--- SUPPLIED RECORDS ---
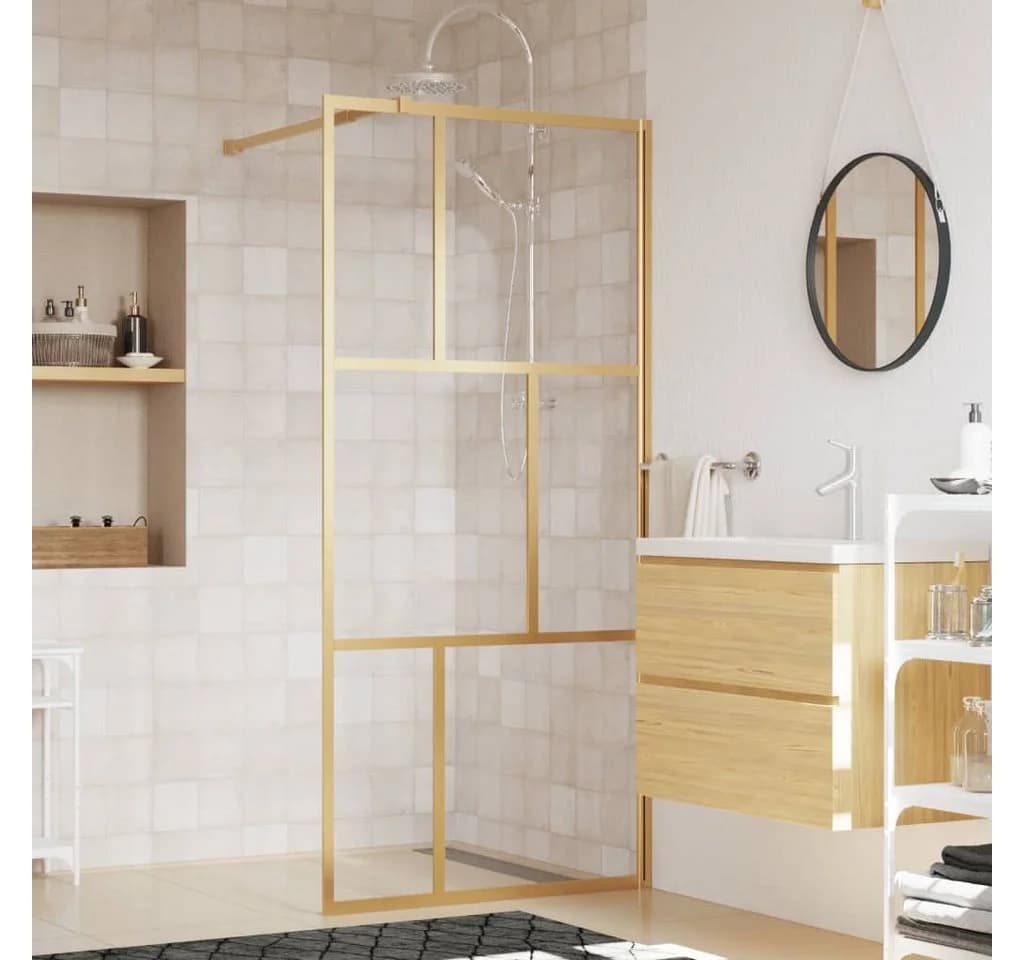 vidaXL Duschwand Begehbar ESG Glas Golden 3-Flügel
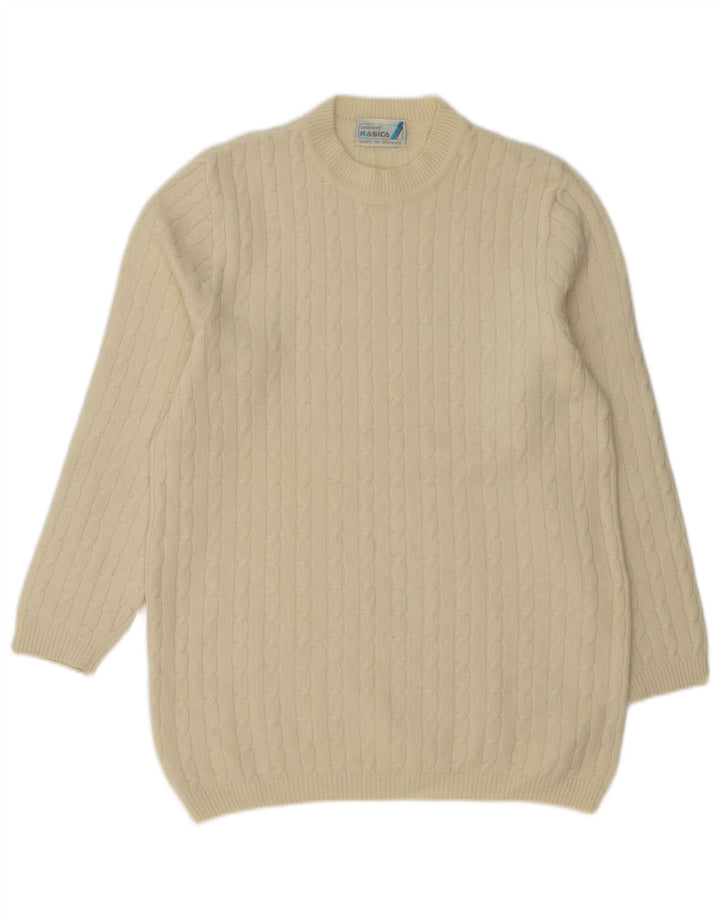 Rasica Damen-Pullover mit Rundhalsausschnitt, EU 38, mittlere, cremefarbene Lammwolle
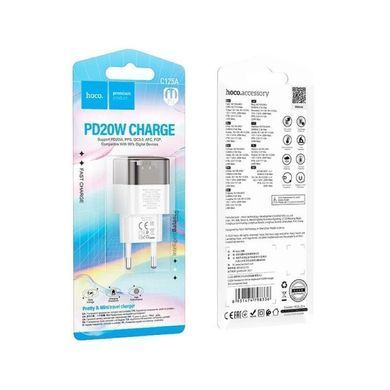 Купити Мережевий зарядний пристрій HOCO C125A Transparent tribute single-port PD20W charger Transparent Black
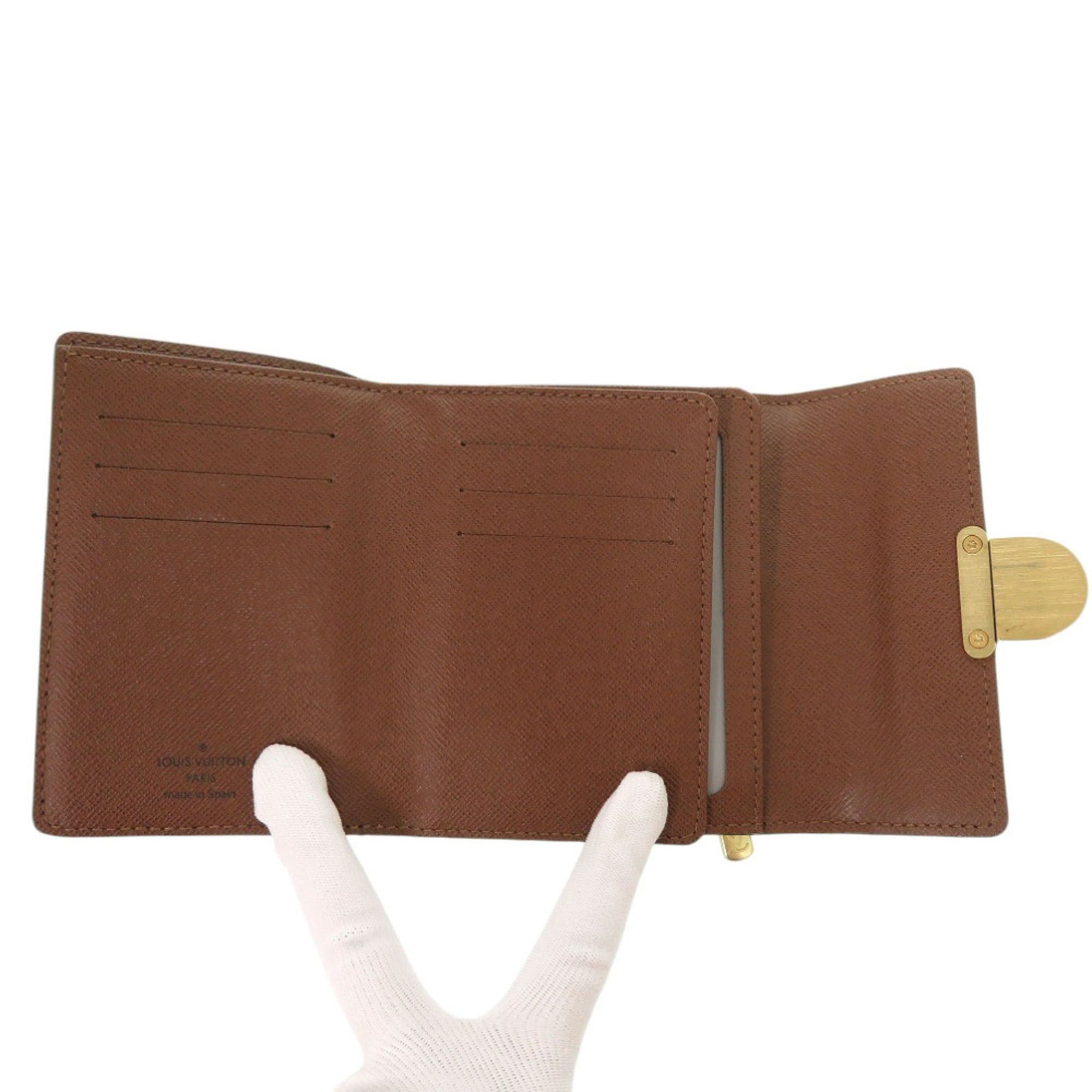 Louis Vuitton Brown Monogram Canvas Wallet (Tri-Fold)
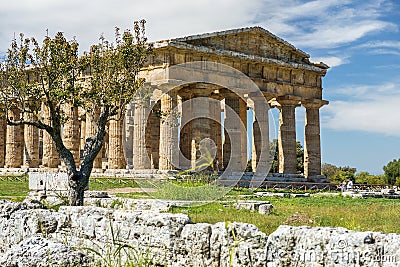 Second temple of Hera in Poseidonia Paestum, Campania, Italy Stock Photo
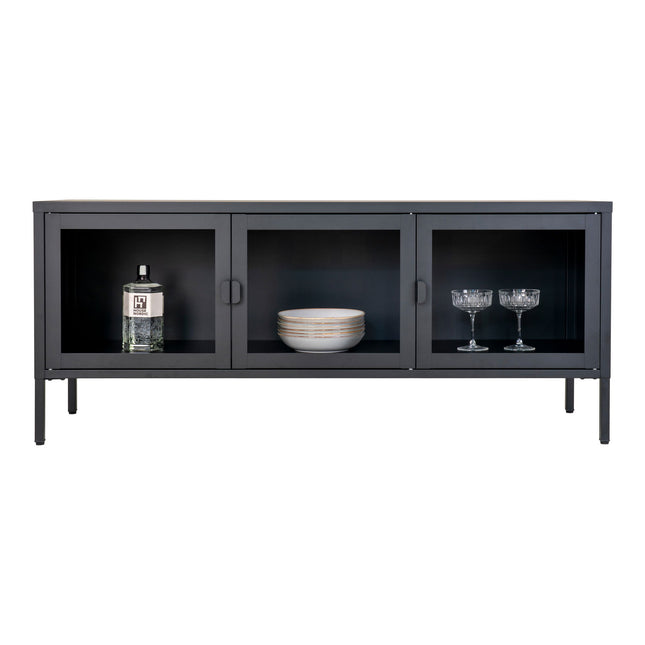 Brisbane tv-meubel - tv-meubel, 3 glazen deuren, staal, zwart 130x40x55 cm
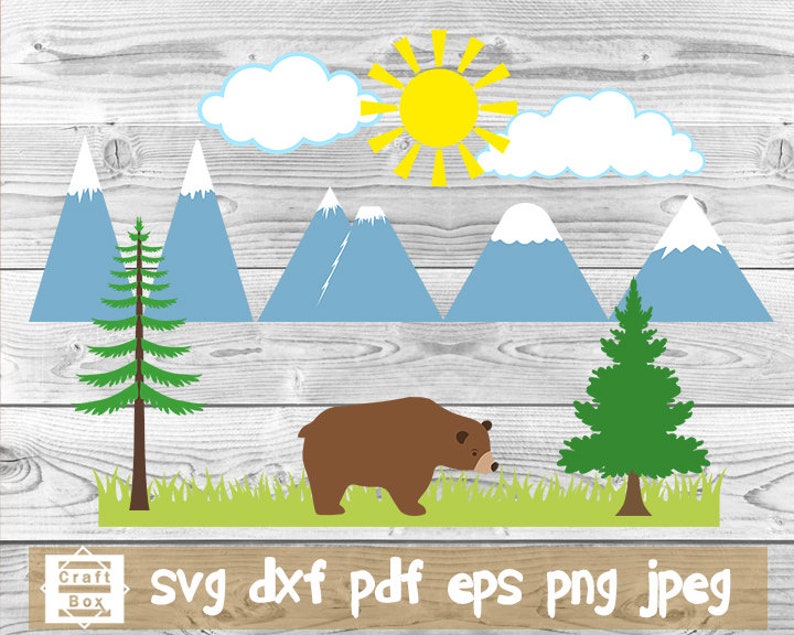 Download Clip Art Forest Clipart Svg Winter Scenes Svg Christmas Scenes Svg Forest Scene Svg Mountain Landscape Template Svg Mountains Svg Pine Svg Art Collectibles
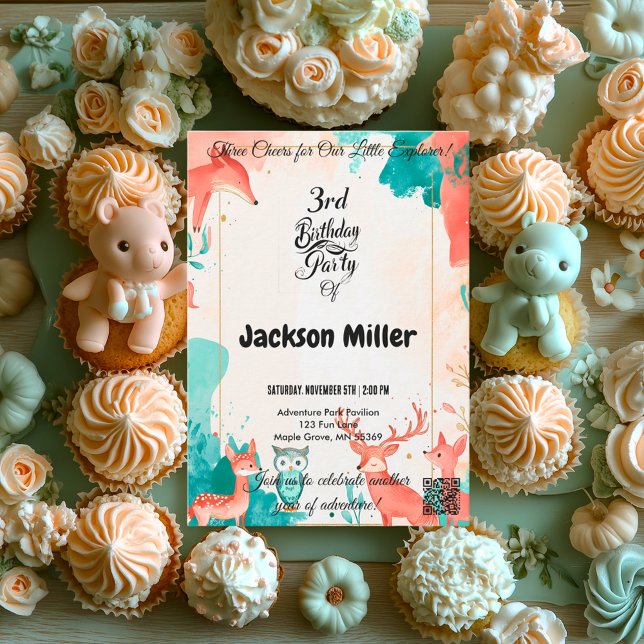 Convite Aniversário de 3 anos Fox, Coruja e Veado (Criador carregado)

--- WORK REQUIRED ---
Copy only the lines running from the one that holds "Rasica Damen-Pullover mit" through the last line of the data, and include both of those lines. Do not copy any pictures.

--- SOLUTION TO THIS PROBLEM ---
 Rasica Damen-Pullover mit Rundhalsausschnitt, EU 38, mittlere, cremefarbene Lammwolle
 Купити Мережевий зарядний пристрій HOCO C125A Transparent tribute single-port PD20W charger Transparent Black
 Louis Vuitton Brown Monogram Canvas Wallet (Tri-Fold)
 Second temple of Hera in Poseidonia Paestum, Campania, Italy Stock Photo
 Brisbane tv-meubel - tv-meubel, 3 glazen deuren, staal, zwart 130x40x55 cm
 Download Clip Art Forest Clipart Svg Winter Scenes Svg Christmas Scenes Svg Forest Scene Svg Mountain Landscape Template Svg Mountains Svg Pine Svg Art Collectibles
 Convite Aniversário de 3 anos Fox, Coruja e Veado (Criador carregado)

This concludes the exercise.